Imagine creating an area that could hold all of the farms in Spokane County a 976-square-mile food basket combining cropland from Reardan to Rockford, Deer Park to Plaza.
Imagine the approximately 200 farmers and tractors it would take to work the ground, planting 15 tons of seed and spreading 31 million pounds of fertilizer to jump-start a new crop of wheat.
Imagine the first harvest, with farmers threshing enough grain to fill rail cars that stretched from Spokane to Ellensburg.
Now imagine you are in the farm supply business when this happens.
While Inland Northwest landowners and politicians grouse about the recent loss of taxpayer-subsidized Conservation Reserve Program land, marketers of equipment, seed, chemicals and grain are quietly preparing to recoup the losses they experienced a dozen years ago. That was when the popular soil and wildlife conservation program began to pay farmers to take more than 1 million acres out of production.
“If the acres come out, it’s definitely going to affect the rural economy,” Dan Helbling, salesman for Jones Truck & Implement in Colfax, says as he shows off a new red seed drill. “They’ll need fertilizer, tractors, combines and many more supplies to make it work.”
Under a new nationwide sign-up for conservation reserve acres, Washington farmers last month were awarded just 21 percent of the land they offered, the lowest acceptance rate among all U.S. farm states. That could reduce total idled acres from 1 million to about 400,000 by October. By comparison, the acceptance rate in Idaho was 83 percent.
The program in the past annually paid farmers $50 per acre on average to idle eligible land and preserve it. The new program will average $39 per acre.
Most landowners seeded the idled land with prairie grasses, but others planted trees and shrubs to enhance wildlife habitat and preserve the soil for future generations.
Scientists and environmentalists praised the program for arresting destructive wind and water erosion and improving water quality. However, some grain merchants and feedlot operators complained that the program artificially raised grain prices by limiting crop production across vast stretches of land.
There’s still a slight chance the government could ease the rules and allow landowners to keep more of their CRP acreage.
Larry Albin, state executive director of the Farm Service Agency, who recently met with Agriculture Secretary Dan Glickman, said Glickman plans to present a final decision on Washington’s participation in the program next week to the state’s congressional delegation.
If lobbying efforts fail, about 600,000 idled acres in Washington, and 100,000 acres in Idaho, likely will return to production.
The change would reduce annual payments in Washington an estimated $31 million, from $52 million to $21 million.
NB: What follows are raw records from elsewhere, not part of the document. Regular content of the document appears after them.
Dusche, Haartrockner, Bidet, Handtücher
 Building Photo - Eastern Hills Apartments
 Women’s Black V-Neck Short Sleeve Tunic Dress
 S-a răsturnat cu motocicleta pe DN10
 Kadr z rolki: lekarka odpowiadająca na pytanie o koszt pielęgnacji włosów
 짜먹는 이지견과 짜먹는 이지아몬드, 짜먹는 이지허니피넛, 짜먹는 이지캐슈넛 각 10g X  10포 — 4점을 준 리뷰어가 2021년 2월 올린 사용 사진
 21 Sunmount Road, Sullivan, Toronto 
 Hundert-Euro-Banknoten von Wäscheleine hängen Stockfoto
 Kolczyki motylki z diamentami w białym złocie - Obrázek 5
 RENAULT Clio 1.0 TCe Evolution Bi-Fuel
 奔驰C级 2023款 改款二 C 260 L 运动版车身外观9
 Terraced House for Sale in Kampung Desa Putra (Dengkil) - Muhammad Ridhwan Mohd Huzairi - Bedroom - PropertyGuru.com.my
In total, those lost acres would qualify as the fifth-largest farm district in Washington behind Adams, Grant, Lincoln and Whitman counties.
If seeded into wheat, the acreage could produce a 24-million-bushel crop, or more than what farmers in Uruguay, Portugal or New Zealand harvest in a year.
Business owners such as John Anderson, general manager of the Central Washington Grain Growers, the state’s largest grain cooperative, hope the U.S. Department of Agriculture will change its mind and let Inland Northwest farmers preserve their conservation reserve land.
“I’m not counting on a windfall, yet,” Anderson says from his Waterville, Wash., office, which oversees grain terminals in nearly 20 communities. “But we have the storage available to handle any increase in production.”
Other agri-business people, such as Marilyn Laughlin, owner of Laughlin Trading Co. in Spokane, are scrambling to guess how much seed farmers will need to plant wheat, alfalfa or other crops on the restored land.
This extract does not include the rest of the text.